> _Entries provided_:
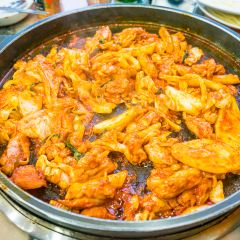 Chuncheonjip Dakgalbi User Photo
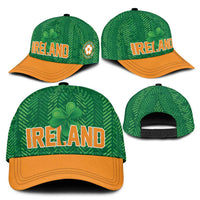 Football 2026 Ireland Classic Cap The Boys in Green Come On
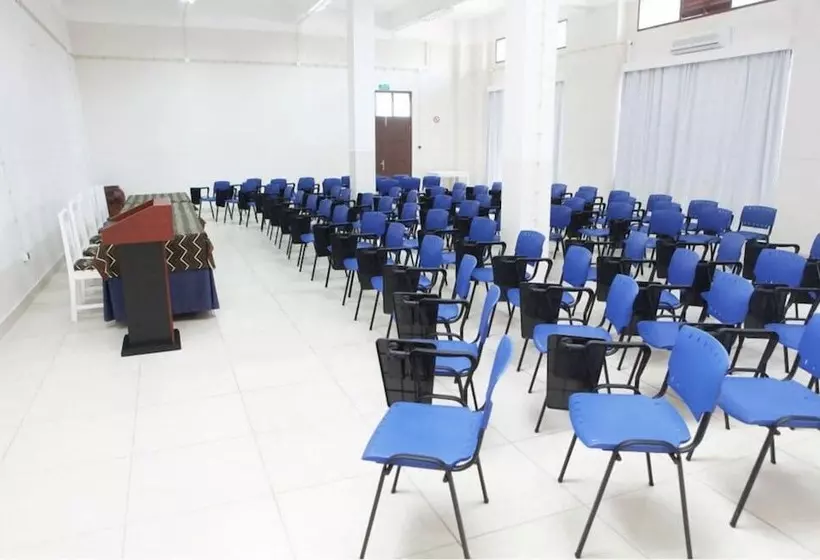 Hotelli Cfm Bilene Resort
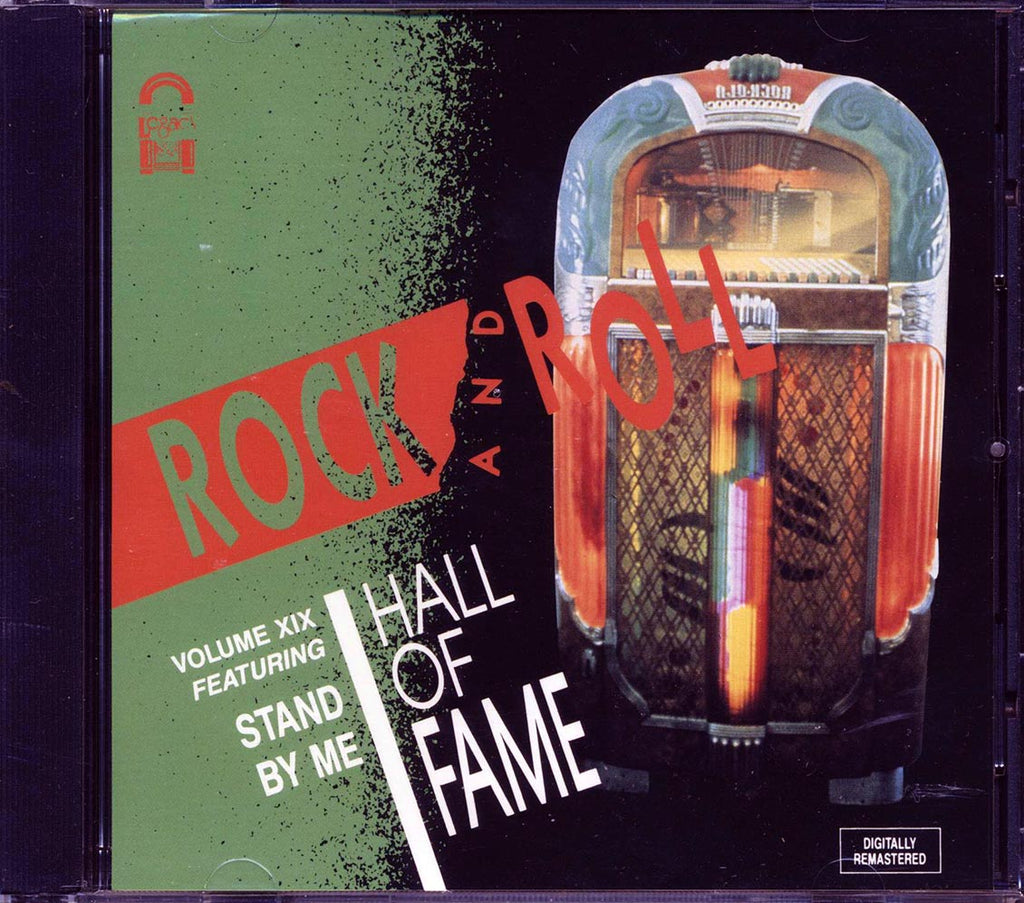 Al Jarreau, The Coasters, Percy Sledge, Etc. - Rock N Roll Hall Of Fame Volume 19 Music CD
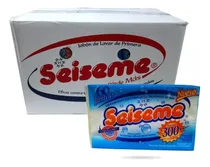 Comprar Jabón En Pan Seiseme 300g Caja X 50u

> _Work instructions_:
I would like you to set down the lines above, from the one containing "Al Jarreau, The" to the final line, exactly as written and without pictures.

> _Result for this task_:
 Al Jarreau, The Coasters, Percy Sledge, Etc. - Rock N Roll Hall Of Fame Volume 19 Music CD
 Comprar Jabón En Pan Seiseme 300g Caja X 50u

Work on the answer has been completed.